Yes—reverence is the most precious emotion that such a building inspires: reverence for the accumulated experiences of the past, readiness to puzzle out their meaning, unwillingness to disturb rashly results so powerfully willed, so laboriously arrived at—the desire, in short, to keep intact as many links as possible between yesterday and to-morrow, to lose, in the ardour of new experiment, the least that may be of the long rich heritage of human experience. This, at any rate, might seem to be the cathedral’s word to the traveller from a land which has undertaken to get on without the past, or to regard it only as a “feature” of æsthetic interest, a sight to which one travels rather than a light by which one lives.
The west front of Amiens says this word with a quite peculiar emphasis, its grand unity of structure and composition witnessing as much to constancy of purpose as to persistence of effort. So steadily, so clearly, was this great thing willed and foreseen, that it holds the mind too deeply subject to its general conception to be immediately free for the delighted investigation of detail. But within the building detail reasserts itself: detail within detail, worked out and multiplied with a prodigality of enrichment for which a counterpart must be sought beyond the Alps. The interiors of the great French cathedrals are as a rule somewhat gaunt and unfurnished, baring their structural nakedness sublimely but rather monotonously to eyes accustomed to the Italian churches “all glorious within.” Here at Amiens, however, the inner decking of the shrine has been piously continued from generation to generation, and a quite extraordinary wealth of adornment bestowed on the choir and its ambulatory. The great sculptured and painted frieze encircling the outer side of the choir is especially surprising in a French church, so seldom were the stone histories lavished on the exterior continued within the building; and it is a farther surprise to find the same tales in bas-relief animating and enriching the west walls of the transepts. They are full of crowded expressive incidents, these stories of local saints and Scriptural personages; with a Burgundian richness and elaborateness of costume, and a quite charming, childish insistence on irrelevant episode and detail—the reiterated “And so,” “And then” of the fairy-tale calling off one’s attention into innumerable little by-paths, down which the fancy of fifteenth-century worshippers must have strayed, with oh! what blessedness of relief, from the unintelligible rites before the altar.

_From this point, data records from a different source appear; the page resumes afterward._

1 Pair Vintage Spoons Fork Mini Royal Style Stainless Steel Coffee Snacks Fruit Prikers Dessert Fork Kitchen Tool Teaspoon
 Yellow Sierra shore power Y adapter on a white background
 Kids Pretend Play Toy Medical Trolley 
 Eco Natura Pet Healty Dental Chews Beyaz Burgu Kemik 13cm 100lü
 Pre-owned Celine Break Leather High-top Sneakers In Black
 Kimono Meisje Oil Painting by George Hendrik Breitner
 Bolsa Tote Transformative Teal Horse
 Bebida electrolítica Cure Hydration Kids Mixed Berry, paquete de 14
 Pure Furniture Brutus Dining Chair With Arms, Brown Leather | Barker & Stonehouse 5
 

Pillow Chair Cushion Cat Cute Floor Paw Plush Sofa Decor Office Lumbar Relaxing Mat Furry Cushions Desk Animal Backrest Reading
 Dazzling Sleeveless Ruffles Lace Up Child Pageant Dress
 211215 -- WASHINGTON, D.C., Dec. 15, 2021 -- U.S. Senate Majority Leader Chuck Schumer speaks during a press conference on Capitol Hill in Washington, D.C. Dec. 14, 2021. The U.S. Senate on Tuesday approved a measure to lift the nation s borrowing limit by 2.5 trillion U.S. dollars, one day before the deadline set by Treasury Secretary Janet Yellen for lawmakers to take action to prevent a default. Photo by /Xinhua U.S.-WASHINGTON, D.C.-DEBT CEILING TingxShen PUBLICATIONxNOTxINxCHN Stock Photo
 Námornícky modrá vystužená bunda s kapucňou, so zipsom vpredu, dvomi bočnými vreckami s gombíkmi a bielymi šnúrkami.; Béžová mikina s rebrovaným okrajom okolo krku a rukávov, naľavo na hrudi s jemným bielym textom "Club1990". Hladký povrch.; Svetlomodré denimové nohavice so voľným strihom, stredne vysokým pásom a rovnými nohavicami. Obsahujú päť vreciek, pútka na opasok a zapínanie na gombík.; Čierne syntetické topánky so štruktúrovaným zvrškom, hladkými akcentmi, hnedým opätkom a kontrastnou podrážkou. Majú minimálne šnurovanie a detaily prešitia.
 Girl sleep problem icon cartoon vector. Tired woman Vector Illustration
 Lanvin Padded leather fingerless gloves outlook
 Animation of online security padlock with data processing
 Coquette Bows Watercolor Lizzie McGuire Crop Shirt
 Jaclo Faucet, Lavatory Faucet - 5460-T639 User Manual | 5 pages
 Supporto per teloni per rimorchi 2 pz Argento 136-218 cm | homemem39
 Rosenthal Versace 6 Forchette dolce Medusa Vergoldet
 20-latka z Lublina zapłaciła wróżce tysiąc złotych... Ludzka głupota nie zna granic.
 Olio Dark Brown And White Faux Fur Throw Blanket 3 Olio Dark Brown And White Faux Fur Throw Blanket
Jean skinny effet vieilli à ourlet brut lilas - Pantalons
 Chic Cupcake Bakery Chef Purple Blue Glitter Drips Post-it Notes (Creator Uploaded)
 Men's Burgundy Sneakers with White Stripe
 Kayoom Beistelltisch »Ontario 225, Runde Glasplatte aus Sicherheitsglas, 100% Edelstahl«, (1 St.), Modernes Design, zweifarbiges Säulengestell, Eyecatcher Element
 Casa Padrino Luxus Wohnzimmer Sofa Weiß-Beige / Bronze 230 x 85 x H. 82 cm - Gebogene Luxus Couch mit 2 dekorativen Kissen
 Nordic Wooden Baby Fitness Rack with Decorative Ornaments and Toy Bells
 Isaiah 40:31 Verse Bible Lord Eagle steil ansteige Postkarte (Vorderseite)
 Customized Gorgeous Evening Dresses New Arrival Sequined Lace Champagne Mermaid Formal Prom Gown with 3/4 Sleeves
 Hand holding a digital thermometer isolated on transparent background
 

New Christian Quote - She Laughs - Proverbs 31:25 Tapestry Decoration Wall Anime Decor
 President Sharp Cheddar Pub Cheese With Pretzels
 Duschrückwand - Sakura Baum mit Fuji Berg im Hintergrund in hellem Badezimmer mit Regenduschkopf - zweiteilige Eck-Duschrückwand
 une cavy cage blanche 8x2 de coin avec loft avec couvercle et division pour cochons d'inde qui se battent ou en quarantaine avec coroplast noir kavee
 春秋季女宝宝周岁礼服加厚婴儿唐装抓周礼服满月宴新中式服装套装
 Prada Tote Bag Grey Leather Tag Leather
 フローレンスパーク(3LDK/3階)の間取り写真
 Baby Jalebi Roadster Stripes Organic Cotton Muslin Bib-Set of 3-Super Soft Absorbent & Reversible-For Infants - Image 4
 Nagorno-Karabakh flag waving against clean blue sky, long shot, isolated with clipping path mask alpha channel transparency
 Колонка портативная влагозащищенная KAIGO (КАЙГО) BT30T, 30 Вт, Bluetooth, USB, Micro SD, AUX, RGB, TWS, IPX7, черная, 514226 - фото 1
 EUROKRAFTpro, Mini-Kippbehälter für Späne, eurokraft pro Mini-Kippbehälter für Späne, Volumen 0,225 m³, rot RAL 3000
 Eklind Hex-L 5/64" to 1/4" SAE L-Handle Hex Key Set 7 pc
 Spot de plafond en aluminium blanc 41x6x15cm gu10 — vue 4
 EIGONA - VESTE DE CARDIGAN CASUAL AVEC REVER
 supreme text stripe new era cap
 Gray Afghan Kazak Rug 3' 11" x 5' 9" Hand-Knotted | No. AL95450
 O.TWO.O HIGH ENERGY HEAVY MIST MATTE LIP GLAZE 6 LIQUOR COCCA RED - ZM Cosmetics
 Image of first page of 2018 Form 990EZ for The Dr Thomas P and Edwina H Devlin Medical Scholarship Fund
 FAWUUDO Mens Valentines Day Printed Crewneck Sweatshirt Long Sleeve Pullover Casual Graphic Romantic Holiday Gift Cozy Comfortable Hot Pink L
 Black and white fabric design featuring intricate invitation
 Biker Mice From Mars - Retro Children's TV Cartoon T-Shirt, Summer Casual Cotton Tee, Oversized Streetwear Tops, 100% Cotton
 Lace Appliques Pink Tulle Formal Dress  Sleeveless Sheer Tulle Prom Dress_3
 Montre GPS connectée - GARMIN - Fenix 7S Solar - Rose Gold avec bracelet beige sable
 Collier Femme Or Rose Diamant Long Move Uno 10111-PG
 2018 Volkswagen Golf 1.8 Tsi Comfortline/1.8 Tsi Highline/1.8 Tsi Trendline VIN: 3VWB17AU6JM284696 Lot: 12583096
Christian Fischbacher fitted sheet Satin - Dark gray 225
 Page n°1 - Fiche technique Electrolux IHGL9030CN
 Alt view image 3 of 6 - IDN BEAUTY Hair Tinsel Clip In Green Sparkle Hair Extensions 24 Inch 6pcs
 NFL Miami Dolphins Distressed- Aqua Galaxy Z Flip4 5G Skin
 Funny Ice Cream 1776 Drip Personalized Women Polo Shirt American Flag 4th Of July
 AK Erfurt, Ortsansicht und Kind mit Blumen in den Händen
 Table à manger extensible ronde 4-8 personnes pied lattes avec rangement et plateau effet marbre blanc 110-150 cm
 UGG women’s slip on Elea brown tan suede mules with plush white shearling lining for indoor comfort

Of composition there is none: it is necessarily sacrificed to the desire to stop and tell everything; to show, for instance, in an interesting parenthesis, exactly what Herod’s white woolly dog was about while Salome was dancing away the Baptist’s head. And thus one is brought back to the perpetually recurring fact that all northern art is anecdotic, and has always been so; and that, for instance, all the elaborate theories of dramatic construction worked out to explain why Shakespeare crowded his stage with subordinate figures and unnecessary incidents, and would certainly, in relating the story of Saint John, have included Herod’s “Tray and Sweetheart” among the dramatis personæ—that such theories are but an unprofitable evasion of the ancient ethnological fact that the Goth has always told his story in that way.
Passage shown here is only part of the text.